Berdasarkan catatan Junghuhn pada tahun 1854, dataran tinggi Hyang, Argopuro yang berada di wilayah Probolinggo dan Situbondo, merupakan tempat yang mirip dengan Eropa baik secara kelembapan, suhu, maupun cuaca. Informasi tersebut menjadi inspirasi NB Van Der Stok dan JJ Van Gennep, para pengagum Junghuhn, untuk membuat rancangan kota Mandiri Modern berwawasan lingkungan di Cikasur pada tahun 1895.

Pemandangan Cikasur pada tahun 1911. Sumber: Pinterest

Van Gennep adalah salah satu pengusaha perkebunan di Jember. Dia adalah rekan bisnis George Bernie, pengusaha legendaris lain di Jember saat itu.
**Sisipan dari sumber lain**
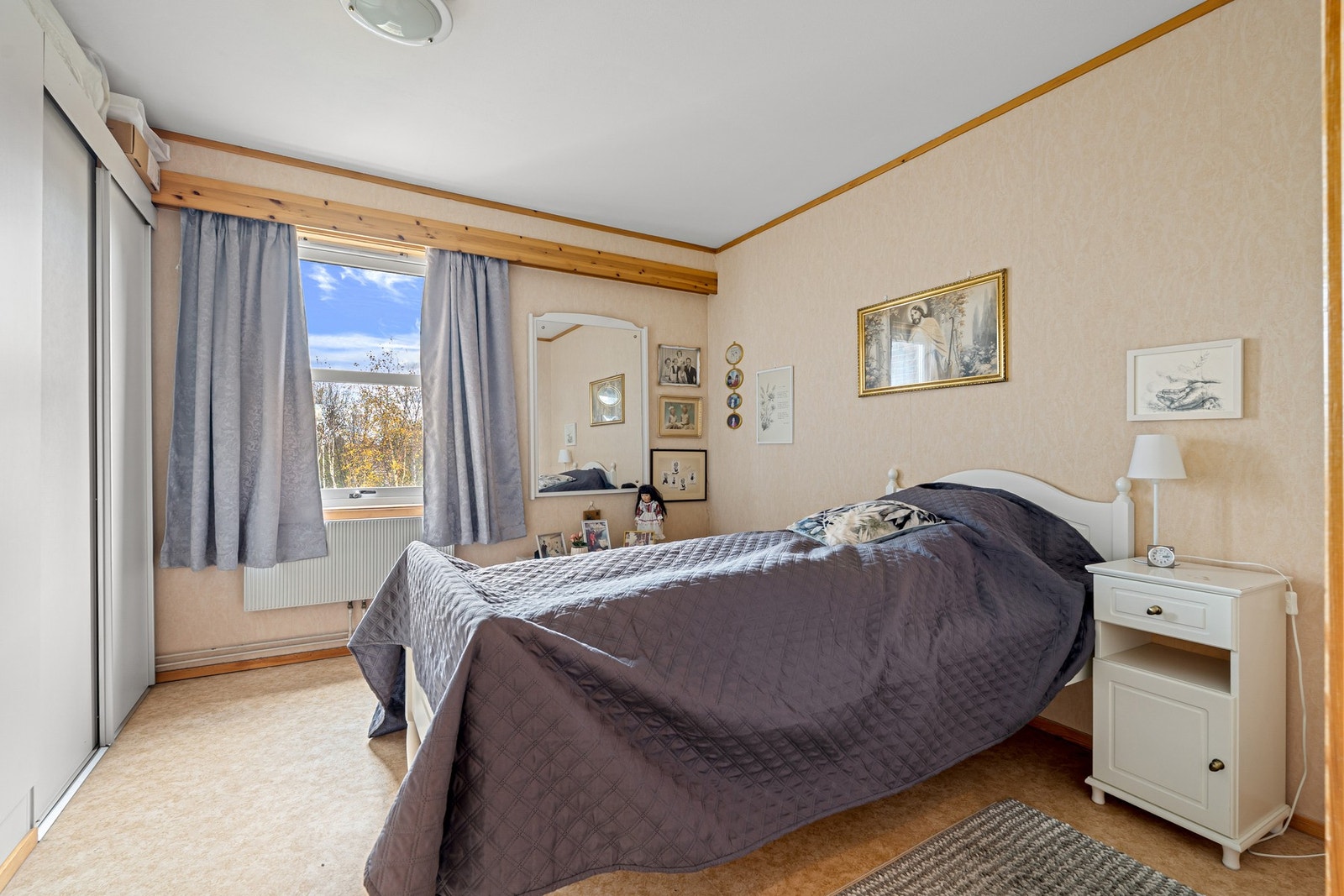 Stort og romslig soverom på 11,4 kvm. Det er montert praktisk skyvedørsgarderobe på rommet. Galleribilde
Sementara JP Van Der Stok adalah salah satu ahli Kependudukan Hindia Belanda. Impian NB Van Der Stok bersama Van Gennep adalah membangun “kota mandiri ” berwawasan lingkungan di Cikasur Gunung Argopuro antara tahun 1895 – 1900.

Kota mandiri modern Cikasur bakal dilengkapi pembangkit listrik, rumah sakit, penginapan, peternakan dan perkebunan di wilayah Cikasur Gunung Argopuro, serta dilengkapi pula dengan jalur Kereta melalui dari Stasiun Kraksan menuju ke Rambipuji melewati Cikasur. Dikarenakan dana yang dibutuhkan luar biasa besar, maka konsesi dataran tinggi Hyang melibatkan beberapa pihak selain Pemerintah Hindia Belanda.

Setelah setting rel kereta Api Kraksaan – Cikasur – Rambipuji sudah selesai dibangun, yang perlu dikerjakan selanjutnya adalah membuat sumber energi listrik. Saat itu, sumber listrik sudah ditemukan tempatnya dengan memanfaatkan Sungai Daluwang. Biasanya para pendaki mengambil selada di sungai ini.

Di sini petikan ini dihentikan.